We start with polar coordinates of a point $P=(r,\theta)$ vs its Cartesian form $(x,y)$. You know $x=r\cos\theta, y=r\sin\theta$. Now rotate the point $P$ by an angle of $\alpha$ with respect to origin so its angle with respect to $x$ axis becomes $\theta+\alpha$. Its new polar coordinates is $P'=(r,\theta+\alpha)$ and its new Cartesian coordinates $(x',y')$, where $x'=r\cos(\theta+\alpha), y'=r\sin(\theta+\alpha)$. Use trig identities to expand these
$x'=r(\cos \theta \cos \alpha -\sin \theta \sin \alpha)=x\cos \alpha -y \sin\alpha$, and
$ y'=r(\sin\theta\cos\alpha+\cos\theta\sin\alpha)=y\cos\alpha+x\sin\alpha$.

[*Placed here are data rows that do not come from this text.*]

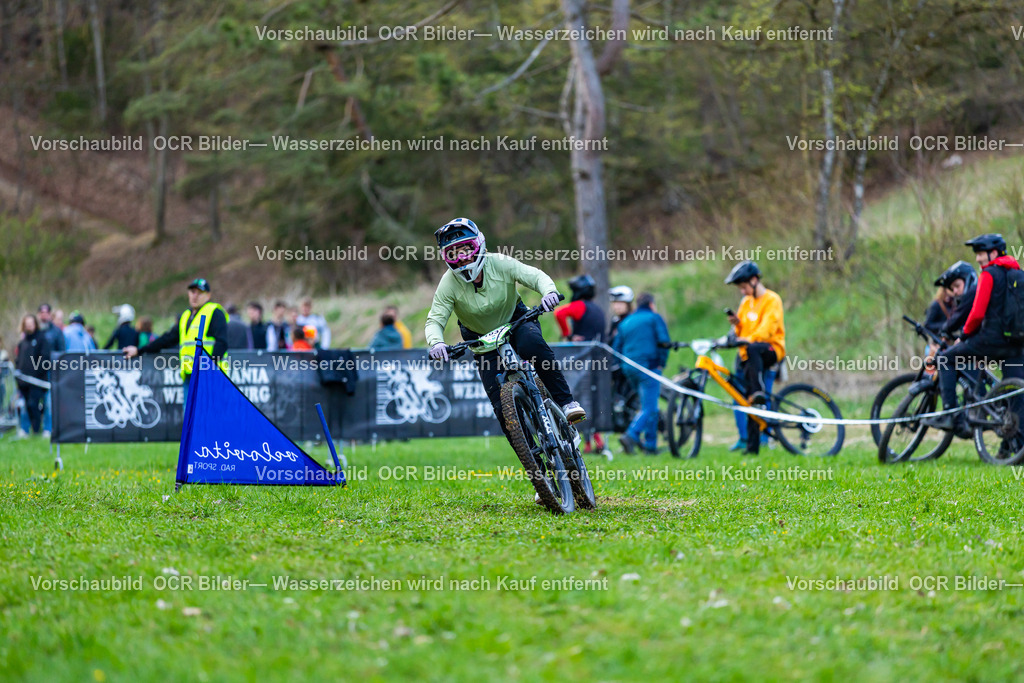 Enduro One Treuchtlingen Samstag R6-9277 | OCR Bilder Fotograf Eisenach Michael Schröder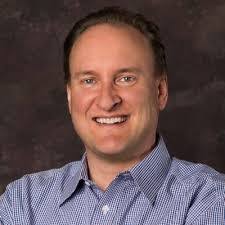 Todd Waddle's Instagram, Twitter & Facebook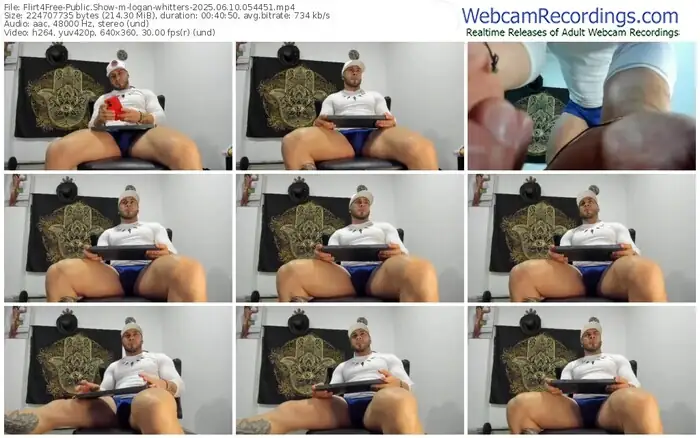 flirt4free-logan-whitters-06-10-2025-05-44-51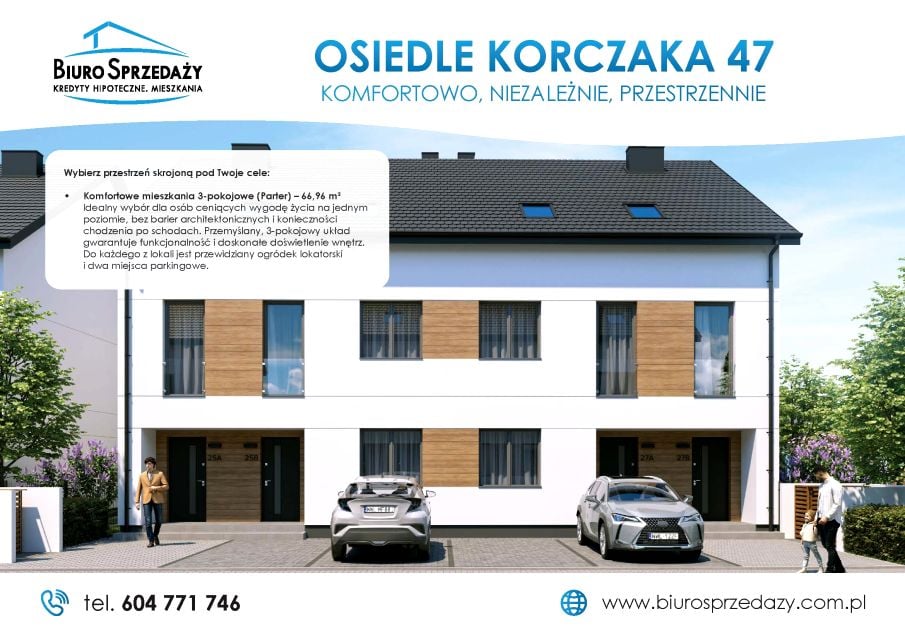 Zdjęcie 3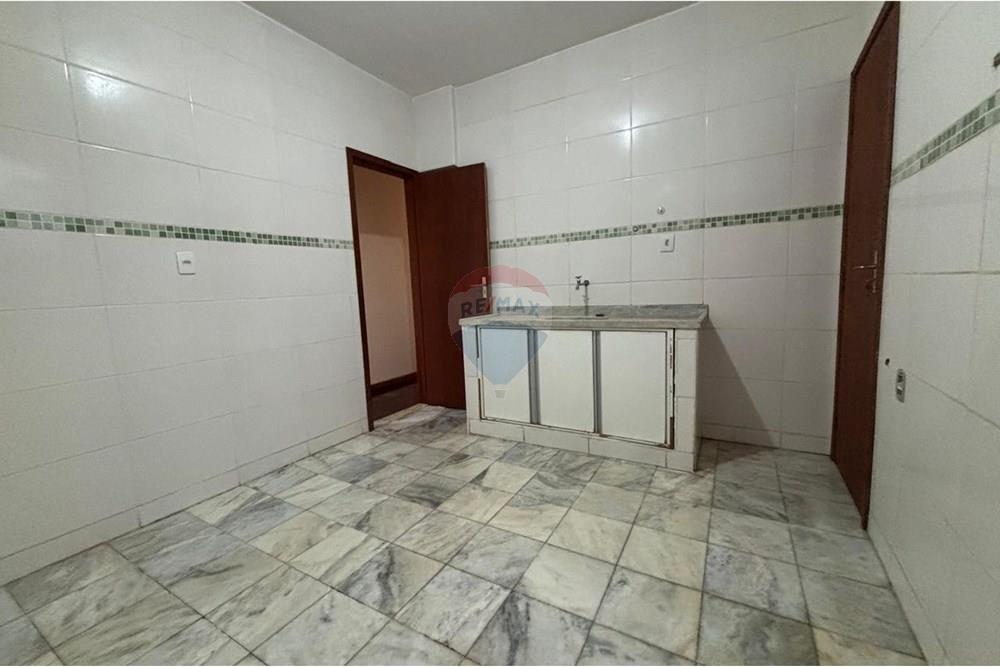 Residential - คอนโด-อพาร์ทเมนต์ - Juiz de Fora , Minas Gerais - BR - WhatsApp Image 2025-07-15 at 11.02.16 (9).jpeg - 860301015-181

If you write these as a matrix equation you can finish your problem.
$
\left[ \begin{array}{c} x' \\ y' \end{array} \right] = \begin{bmatrix} \cos \alpha & -\sin \alpha \\
\sin \alpha & \cos \alpha \\ \end{bmatrix} \times \left[ \begin{array}{c} x \\ y \end{array} \right]
$
If you have several rotation $\alpha_1, \cdots, \alpha_n$ then the effect of multiplying all the related matrices is the same as adding the given angles. In particular if you have $n$ rotations by the same angle $\alpha$ the result will be same as one rotation of $n\alpha$. In short
$
\begin{bmatrix} \cos \alpha & -\sin \alpha \\
\sin \alpha & \cos \alpha \\ \end{bmatrix}^n= \begin{bmatrix} \cos n\alpha & -\sin n\alpha \\
\sin n\alpha & \cos n\alpha \\ \end{bmatrix}$